Würd mich auch mal interessieren warum Ihr es nicht mal auf die Schlangen versucht habt?


Wenn die Teile auch bei uns heimisch wären, müssten wir uns wohl alle Gedanken um neue Dimensionen beim Räucherofenbau machen :m !

Grüße
Robert


----------



## schnorchel0815 (22. Februar 2005)

*AW: Aal fast 4 meter*

|kopfkrat Wusste gar nicht, daß die Wolke von Tschernobyl so weit gezogen ist!!|kopfkrat


----------



## wodibo (22. Februar 2005)

*AW: Aal fast 4 meter*

Ich frag mal per PN bei Ansgar in down under nach. Kann aber etwas dauern, da er irgendwie nicht mehr richtig im Board mitmachen will oder kann :m


----------



## BigEarn (22. Februar 2005)

*AW: Aal fast 4 meter*

Warum ich diesen Aalen nicht nachgestellt habe, dafür gibt es einige Gründe.

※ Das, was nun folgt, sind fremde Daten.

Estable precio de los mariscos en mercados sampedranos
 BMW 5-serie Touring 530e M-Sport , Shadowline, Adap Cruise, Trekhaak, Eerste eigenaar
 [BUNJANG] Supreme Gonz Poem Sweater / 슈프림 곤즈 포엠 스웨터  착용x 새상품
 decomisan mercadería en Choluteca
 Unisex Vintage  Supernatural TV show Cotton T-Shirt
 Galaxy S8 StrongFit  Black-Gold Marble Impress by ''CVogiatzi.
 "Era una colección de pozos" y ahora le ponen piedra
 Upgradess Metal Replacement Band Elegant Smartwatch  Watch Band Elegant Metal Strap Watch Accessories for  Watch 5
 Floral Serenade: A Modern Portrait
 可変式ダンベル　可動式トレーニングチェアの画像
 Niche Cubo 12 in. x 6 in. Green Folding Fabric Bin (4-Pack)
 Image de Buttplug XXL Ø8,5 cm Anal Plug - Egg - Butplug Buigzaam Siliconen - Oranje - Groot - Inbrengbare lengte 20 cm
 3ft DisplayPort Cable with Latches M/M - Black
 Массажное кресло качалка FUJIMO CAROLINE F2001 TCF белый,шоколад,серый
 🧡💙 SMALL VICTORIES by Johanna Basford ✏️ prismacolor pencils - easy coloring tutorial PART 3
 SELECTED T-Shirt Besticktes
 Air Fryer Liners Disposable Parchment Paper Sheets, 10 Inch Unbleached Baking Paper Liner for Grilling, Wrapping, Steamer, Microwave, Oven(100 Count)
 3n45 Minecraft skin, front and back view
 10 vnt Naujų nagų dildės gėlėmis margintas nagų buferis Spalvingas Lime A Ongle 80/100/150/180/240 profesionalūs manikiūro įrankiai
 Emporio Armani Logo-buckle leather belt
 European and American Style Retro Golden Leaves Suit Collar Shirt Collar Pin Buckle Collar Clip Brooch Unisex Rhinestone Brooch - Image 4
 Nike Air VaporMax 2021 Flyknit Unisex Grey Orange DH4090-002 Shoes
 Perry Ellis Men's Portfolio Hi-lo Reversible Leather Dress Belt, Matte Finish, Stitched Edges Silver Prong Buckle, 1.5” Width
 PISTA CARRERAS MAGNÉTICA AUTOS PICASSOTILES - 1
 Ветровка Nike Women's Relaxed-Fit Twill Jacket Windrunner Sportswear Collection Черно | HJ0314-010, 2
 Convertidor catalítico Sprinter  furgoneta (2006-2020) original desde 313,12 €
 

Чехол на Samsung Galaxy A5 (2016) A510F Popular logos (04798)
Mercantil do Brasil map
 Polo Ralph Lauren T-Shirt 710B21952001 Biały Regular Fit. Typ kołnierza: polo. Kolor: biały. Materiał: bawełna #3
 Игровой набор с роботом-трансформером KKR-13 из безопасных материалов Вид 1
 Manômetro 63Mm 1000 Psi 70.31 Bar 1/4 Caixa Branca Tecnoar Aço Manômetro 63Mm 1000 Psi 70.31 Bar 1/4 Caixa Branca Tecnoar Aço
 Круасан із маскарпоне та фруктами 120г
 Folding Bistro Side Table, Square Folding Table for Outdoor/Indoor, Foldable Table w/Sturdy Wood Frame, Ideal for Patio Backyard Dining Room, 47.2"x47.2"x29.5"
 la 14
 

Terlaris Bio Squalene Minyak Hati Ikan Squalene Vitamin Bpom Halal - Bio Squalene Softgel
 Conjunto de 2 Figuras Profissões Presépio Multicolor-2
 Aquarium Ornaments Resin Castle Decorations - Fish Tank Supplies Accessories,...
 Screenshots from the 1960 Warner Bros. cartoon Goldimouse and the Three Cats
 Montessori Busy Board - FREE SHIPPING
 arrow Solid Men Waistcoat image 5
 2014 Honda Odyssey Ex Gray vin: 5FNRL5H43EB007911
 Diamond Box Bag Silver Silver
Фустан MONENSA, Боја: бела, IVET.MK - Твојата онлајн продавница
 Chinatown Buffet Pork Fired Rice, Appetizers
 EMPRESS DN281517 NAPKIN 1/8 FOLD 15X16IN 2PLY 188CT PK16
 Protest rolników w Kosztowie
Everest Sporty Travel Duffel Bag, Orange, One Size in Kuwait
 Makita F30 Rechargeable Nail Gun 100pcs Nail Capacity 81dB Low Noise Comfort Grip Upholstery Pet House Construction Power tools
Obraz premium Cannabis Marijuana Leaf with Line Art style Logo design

Der erste war sicherlich, dass ich voll damit beschäftigt war den Forellen nachzustellen  Das war nicht ganz einfach, da man viel klettern und wahnsinnig vorsichtig sein musste, da die Viecher verdammt scheu waren an "meinem" Fluss. Das machte die ganze Sache aber nur noch interessanter und spannender. Best fishing ever :k Einem dieser gierigen Aale ein Pfund blutiges etwas mit Haken anzubieten wäre dagegen recht leicht gewesen. Ich schätze man hätte keine 10 Minuten gebraucht um zumindest einen an den Haken zu bekommen.#c 

Der zweite Grund war meine Ausrüstung. Da ich mit dem Rucksack unterwegs war hatte ich natürlich nicht unendlich viel an Geschirr dabei. Meine kleine Bachrute mit 18er Schnur hätte nichts ausrichten können und die Brandungsrute wollte ich nicht mit durch den Busch schleppen. Stahlvorfach hätte darüber hinaus auch gefehlt und ohne wäre es wohl, auch wegen der vielen hindernisse schlecht ausgegangen, vor allem für den Aal.

Der dritte Grund war, dass ich auf meiner Reise bereits einen großen Aal beim Meeresfischen im Mündungsbereich eines kleinen Flusses gefangen hatte.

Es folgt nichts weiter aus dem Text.